今まで、30カ国近く訪れたにもかかわらず、韓国に足を踏み入れたことは一度もなかった。
「少し羽を伸ばすなら、それこそ国内の温泉にでも行ってきたらいいのに」
ごもっともだなあ、とも思いつつも笑ってごまかし、頑固な私は直感で選んだ、韓国の「松亭」という場所へ足を運ぶことに決めた。
下調べもせず名前でなんとなく選んだものだから、最寄りの都市釜山(ぷさん)に到着したのち「ここからローカルのバスで2時間ほどかかるよ」と言われたときには、心底驚いた。
バスからは、時間が経つごとに観光客らしき人々がどんどんと消えていき、最後は数人の韓国人と、わたしたちだけになった。
たどり着いた松亭は、静かな海辺の町で。思ったよりも都会だなあと思いつつも、ここはまだ松亭ではなく、わたしの滞在先はさらにここからタクシーで山を越えた場所にあるという。流れてきたタクシーを捕まえ乗り込み「○○まで行きたいです」と英語で伝えると、タクシーの運転手が首をかしげる。英語が話せるか、と尋ねるとまた困ったように首を横にかしげる。

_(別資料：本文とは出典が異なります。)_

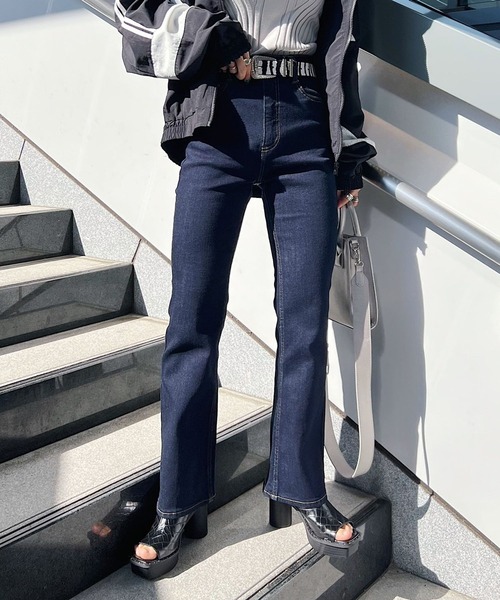 PAGEBOY（ページボーイ）の「フレアフィットジーンズ（デニムパンツ・レディース・ブラック/インディゴブルー/ロイヤルブルー/ブラック系その他・24inch/25inch/26inch/27inch）」の18枚目の写真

びゅんびゅんと車が進むたび、少しずつ賑やかだった街の看板が消えていく。気づけばあたりに観光客の気配はなく、ポツリポツリと、韓国語で書かれた看板があるだけだった。
この場所はどうやら韓国人たちのプチバカンスとして使われていること。
英語は通じないこと。
もちろん日本語も通じないこと。
外国人観光客は滅多にこないこと。
3日ほど滞在すると、どうやらここは自分が思っているよりも、きちんと”異国”であることに気づく。
ちいさなカフェが3軒、行きつけの韓国料理屋が1軒できた頃には、すっかりこの場所を好きになっていた。
全部で5日ほどの滞在を、ほぼ徒歩10分圏内でコンパクトに過ごした。
透き通る海を見て、カフェで本を読み、少し仕事をして。お昼寝をして、夕焼けを見て、ごはんを食べる。
そんな、日常と旅の真ん中のような生活が、日本でそわそわし続けていた私の心をやっと落ち着かせてくれた。
近くて遠い異国を覗きたくなったなら。ふらり、韓国の松亭を訪れてみるのも良いかもしれない。